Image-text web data
########################################

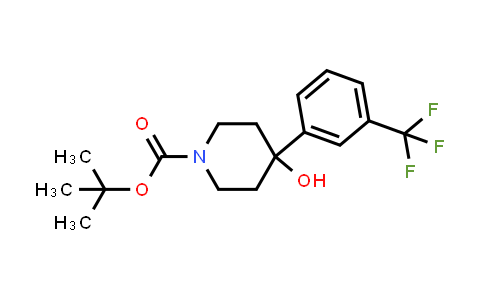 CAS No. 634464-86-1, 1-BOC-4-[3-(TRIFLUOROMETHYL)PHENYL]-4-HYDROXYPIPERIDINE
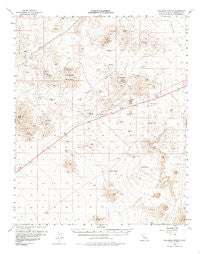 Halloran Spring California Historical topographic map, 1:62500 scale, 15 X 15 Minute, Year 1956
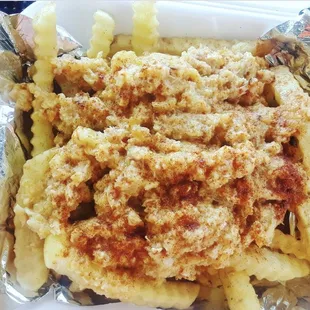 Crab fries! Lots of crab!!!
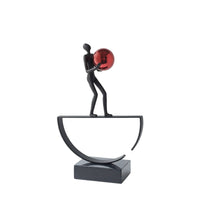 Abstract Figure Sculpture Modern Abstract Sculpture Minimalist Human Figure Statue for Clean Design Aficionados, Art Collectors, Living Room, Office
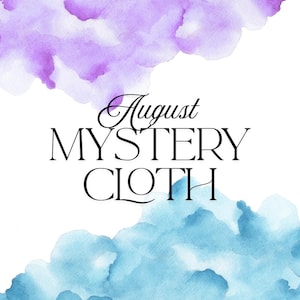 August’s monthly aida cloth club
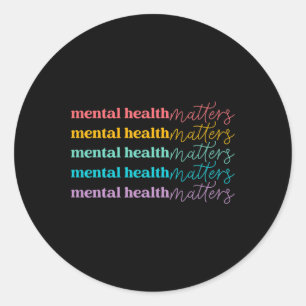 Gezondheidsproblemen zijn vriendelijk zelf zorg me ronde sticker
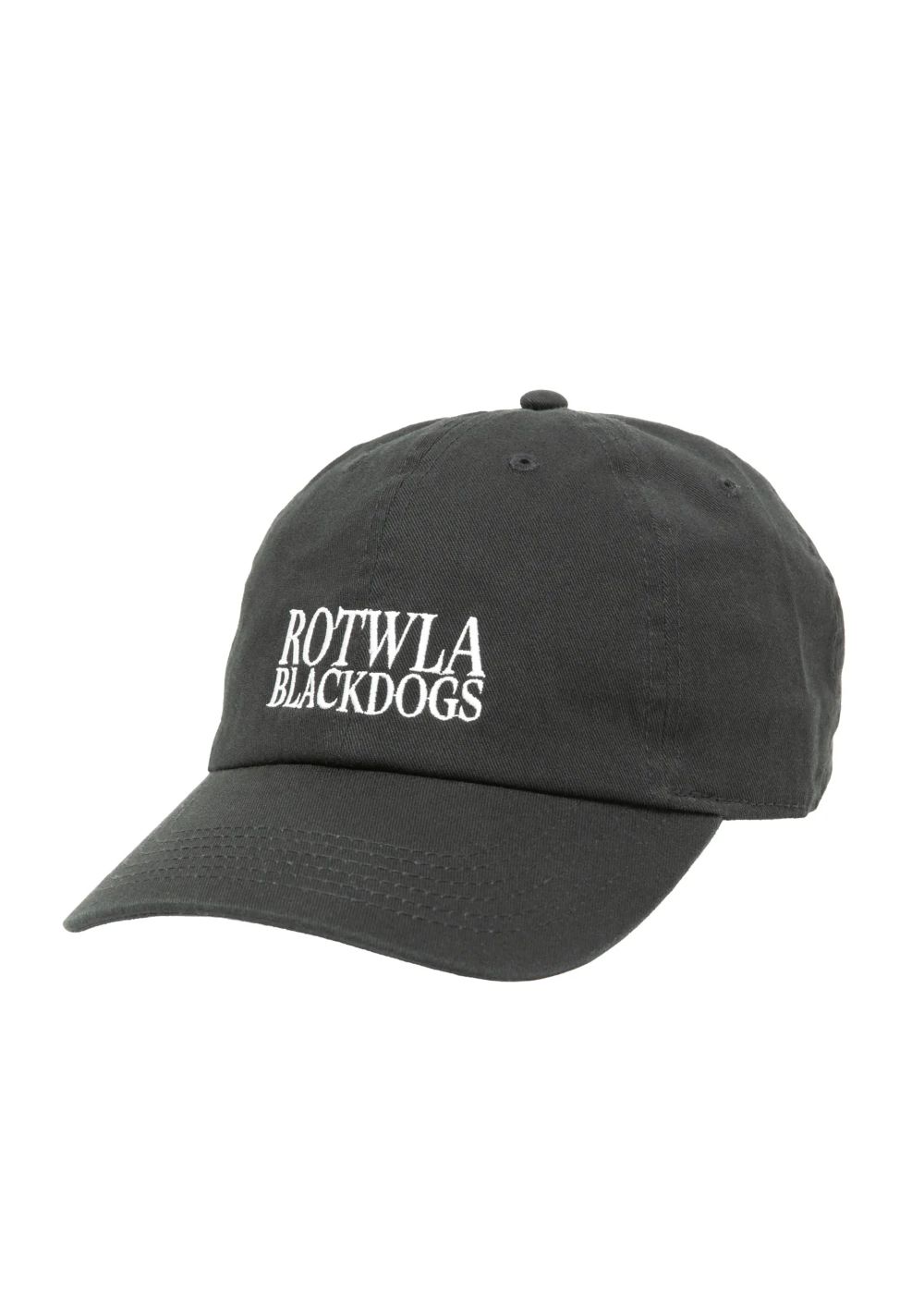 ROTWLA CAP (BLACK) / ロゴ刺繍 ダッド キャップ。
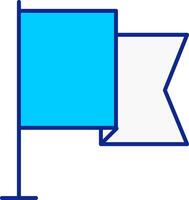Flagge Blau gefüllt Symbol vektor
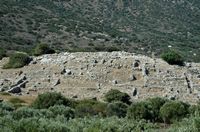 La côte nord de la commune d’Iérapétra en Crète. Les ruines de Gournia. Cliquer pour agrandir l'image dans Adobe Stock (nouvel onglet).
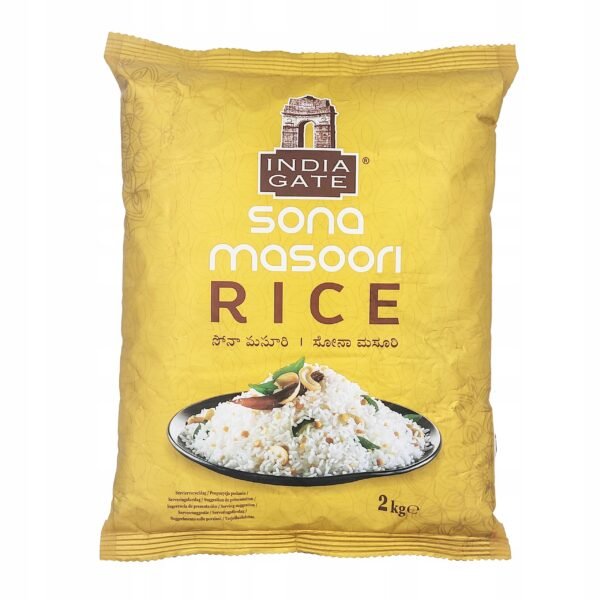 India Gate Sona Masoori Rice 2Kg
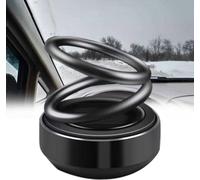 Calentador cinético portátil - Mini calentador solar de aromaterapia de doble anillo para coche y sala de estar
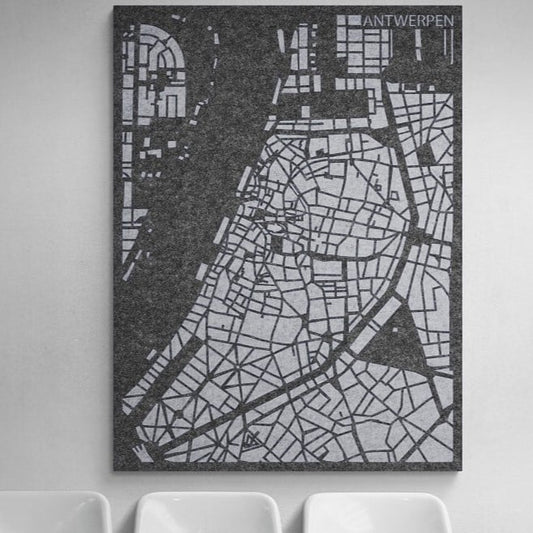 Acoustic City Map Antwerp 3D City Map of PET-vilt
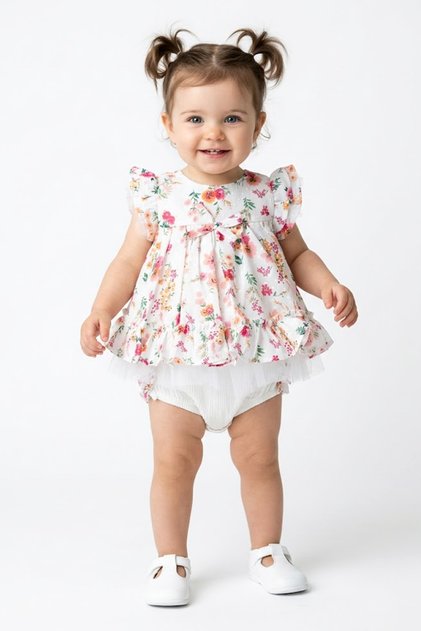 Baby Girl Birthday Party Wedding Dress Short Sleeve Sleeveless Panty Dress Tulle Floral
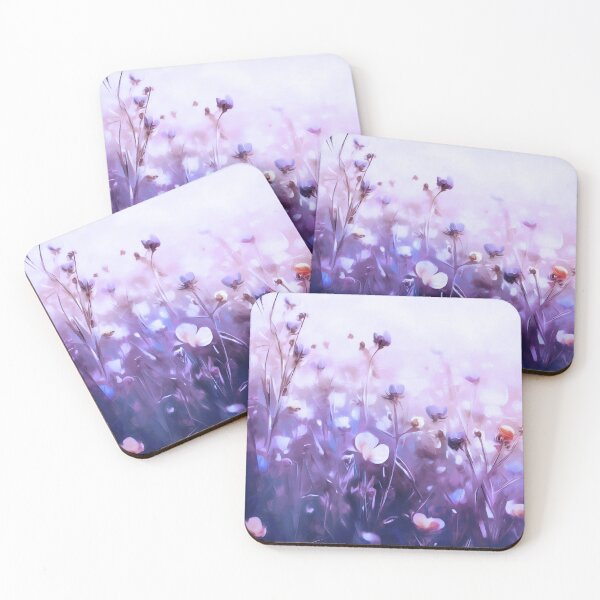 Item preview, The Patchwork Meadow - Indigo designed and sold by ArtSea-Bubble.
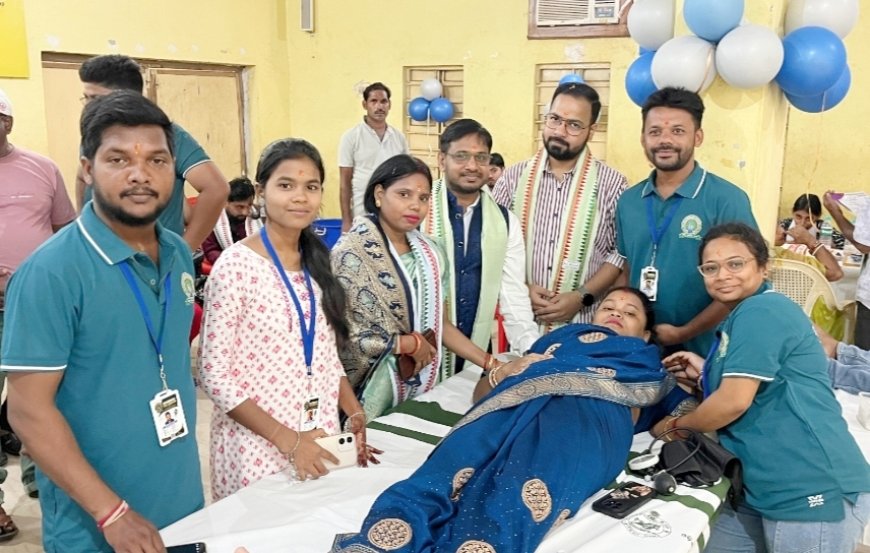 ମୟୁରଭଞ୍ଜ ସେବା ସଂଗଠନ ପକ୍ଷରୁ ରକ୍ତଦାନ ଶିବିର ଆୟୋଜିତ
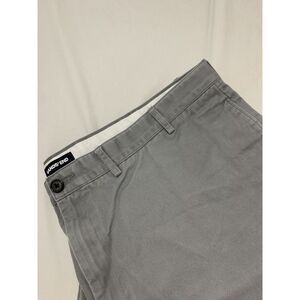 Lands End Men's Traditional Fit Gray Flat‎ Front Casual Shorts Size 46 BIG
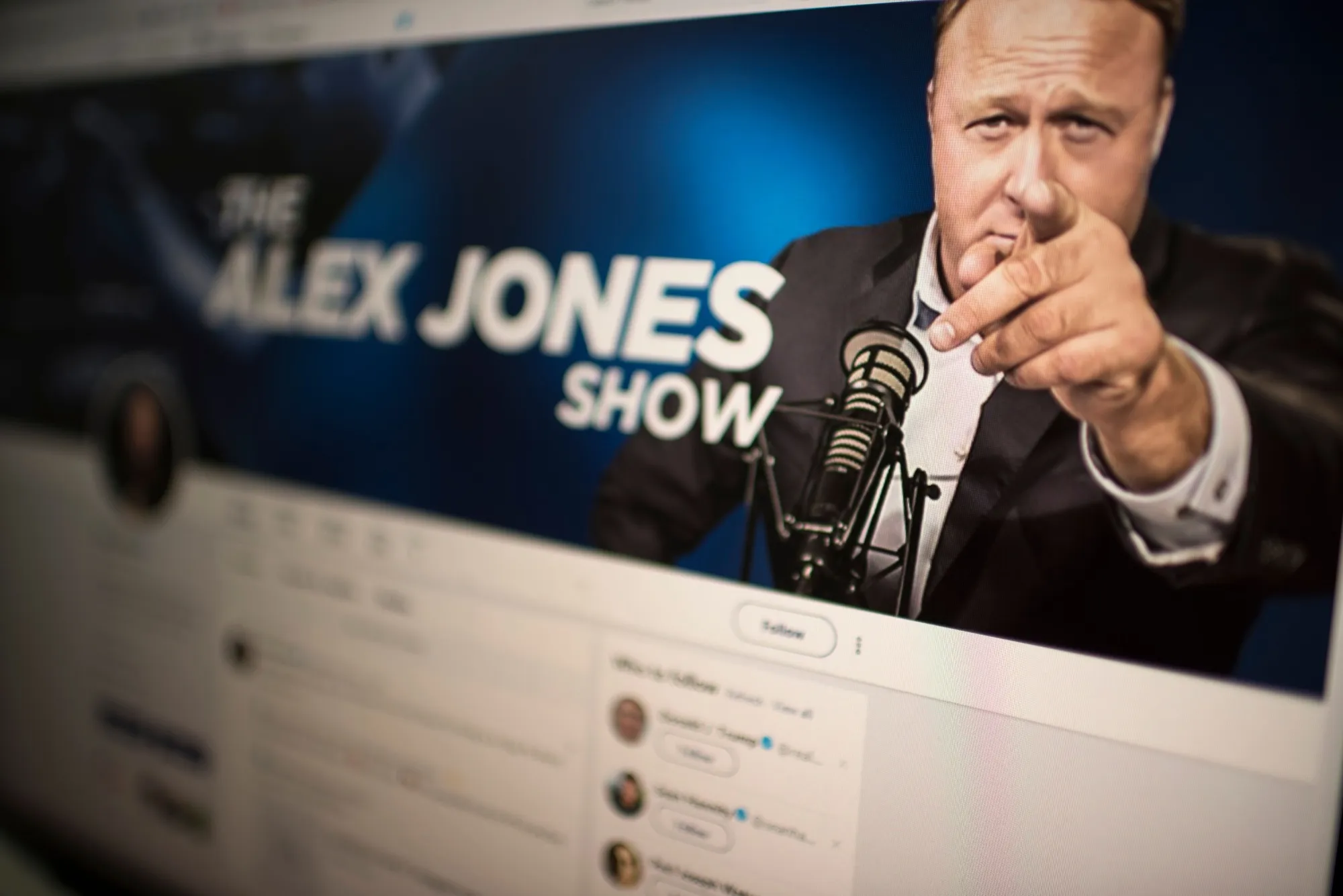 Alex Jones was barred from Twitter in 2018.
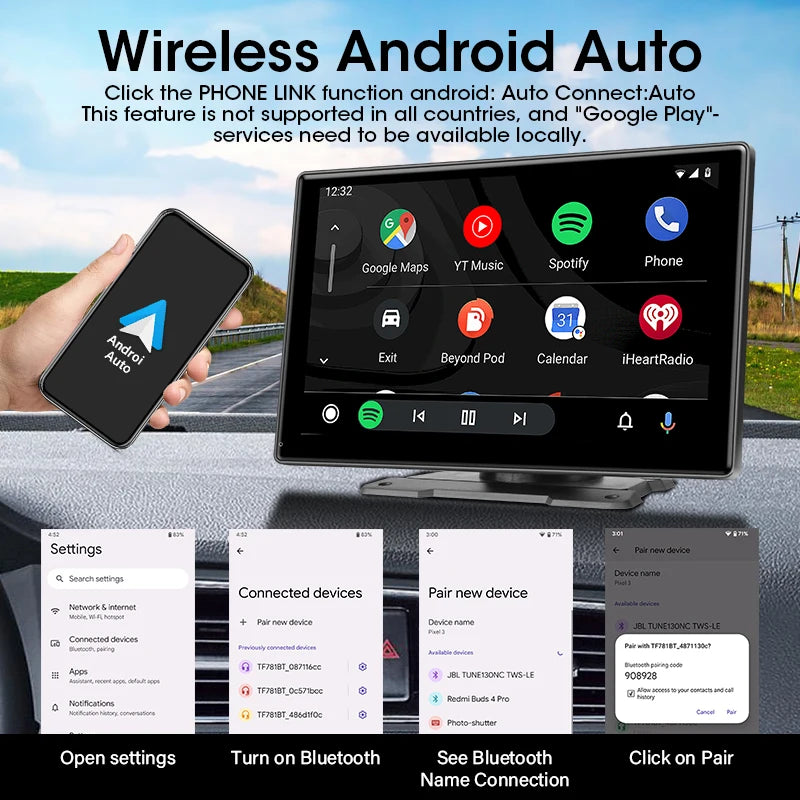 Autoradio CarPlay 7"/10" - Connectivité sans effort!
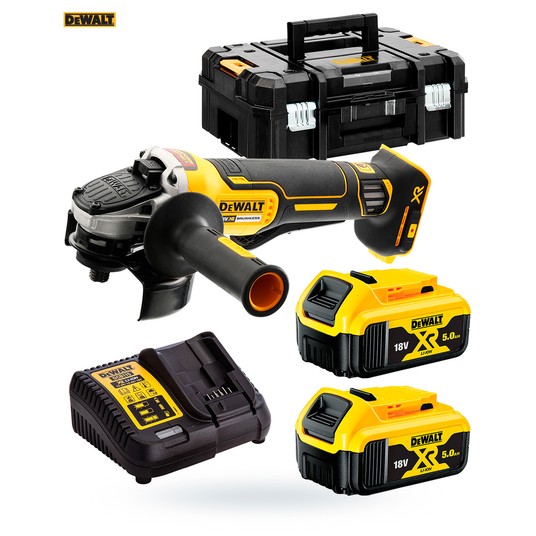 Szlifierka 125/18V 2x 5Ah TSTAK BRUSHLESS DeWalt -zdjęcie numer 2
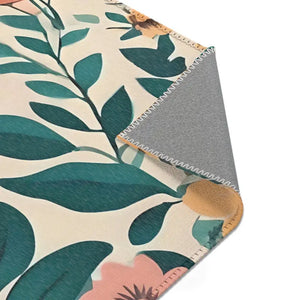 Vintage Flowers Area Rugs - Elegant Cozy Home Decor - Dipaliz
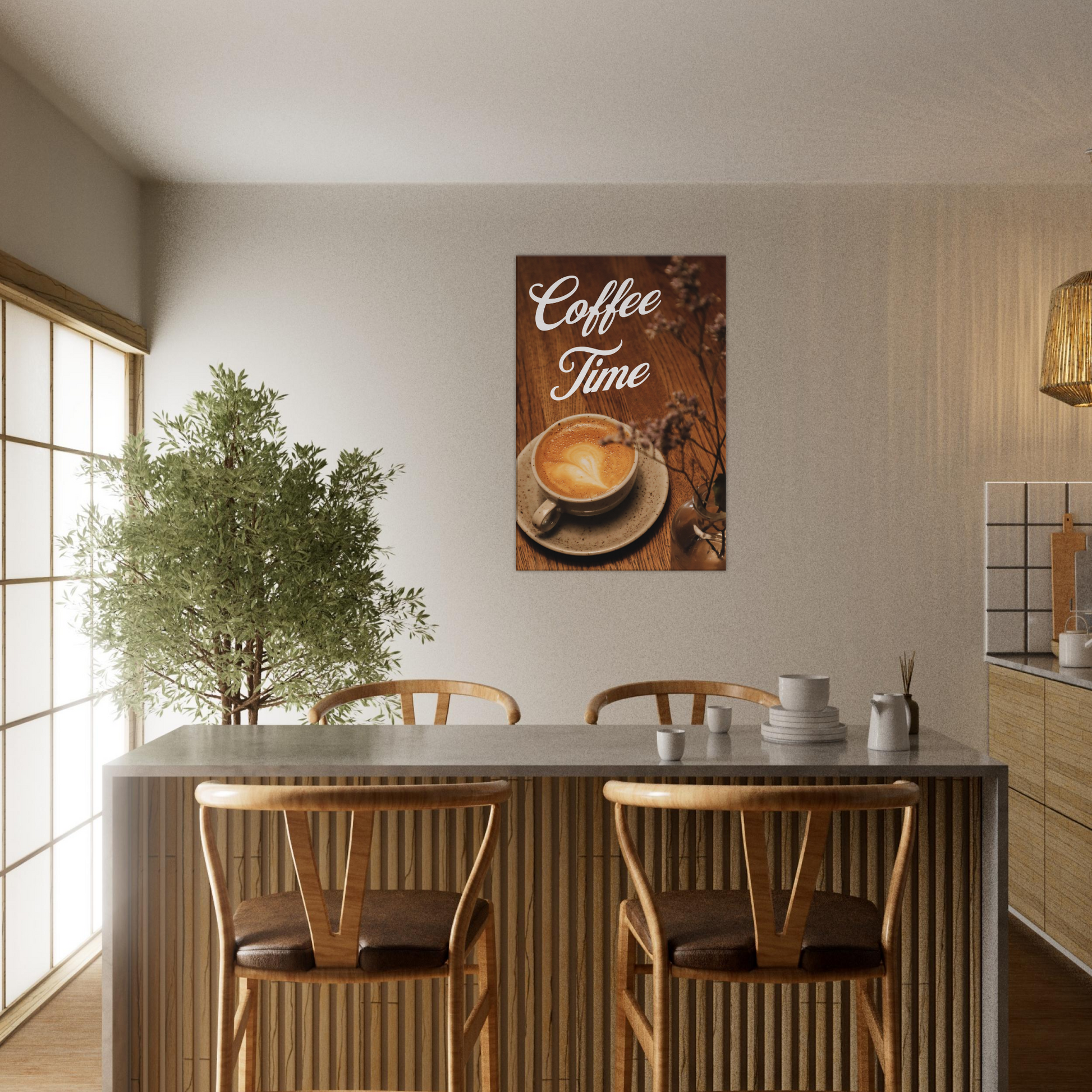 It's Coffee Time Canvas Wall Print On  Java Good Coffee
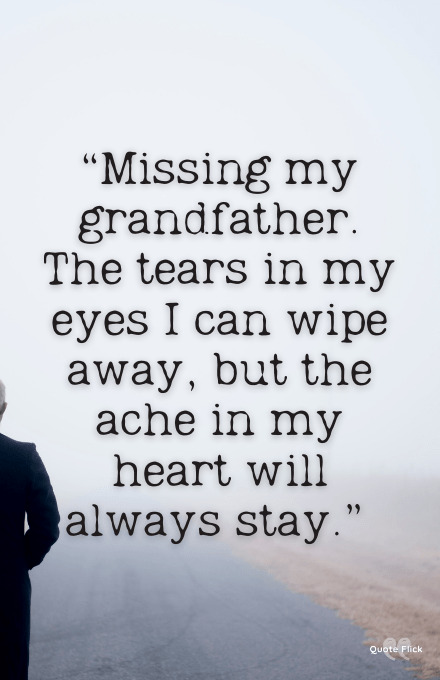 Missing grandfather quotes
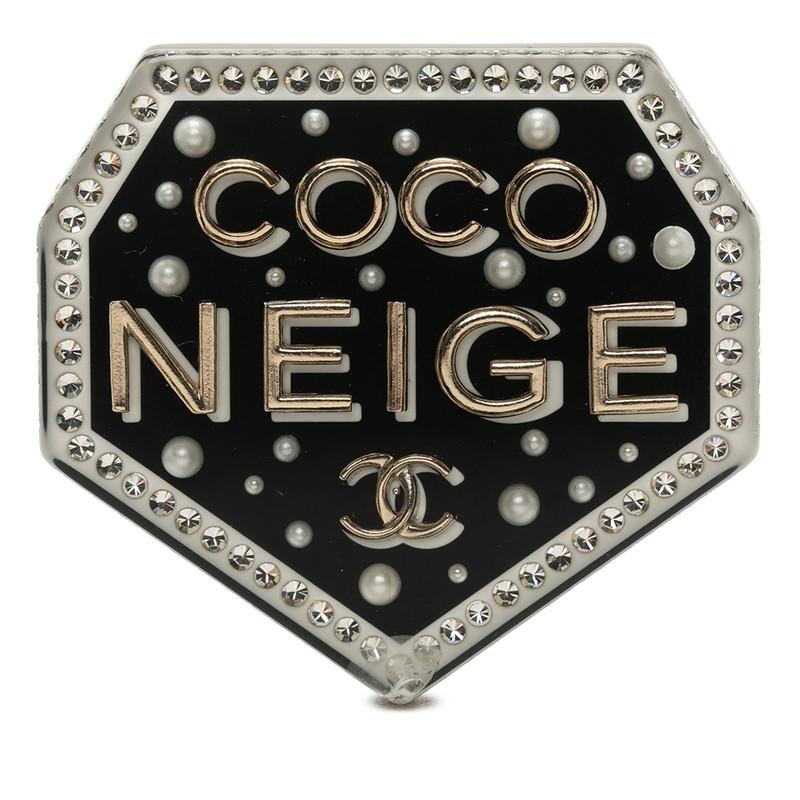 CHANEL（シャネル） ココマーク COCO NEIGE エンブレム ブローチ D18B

########################################

▶ [What the task asks] In the records above, find the line with "Halloran Spring California" and the line with "La côte nord"; please transcribe exactly those two lines and all lines between them, omitting any picture.

▶ [Task response]
 Halloran Spring California Historical topographic map, 1:62500 scale, 15 X 15 Minute, Year 1956
 Crab fries! Lots of crab!!!
 Abstract Figure Sculpture Modern Abstract Sculpture Minimalist Human Figure Statue for Clean Design Aficionados, Art Collectors, Living Room, Office
 August’s monthly aida cloth club
 Gezondheidsproblemen zijn vriendelijk zelf zorg me ronde sticker
 ROTWLA CAP (BLACK) / ロゴ刺繍 ダッド キャップ。
Flagge Blau gefüllt Symbol vektor
 La côte nord de la commune d’Iérapétra en Crète. Les ruines de Gournia. Cliquer pour agrandir l'image dans Adobe Stock (nouvel onglet).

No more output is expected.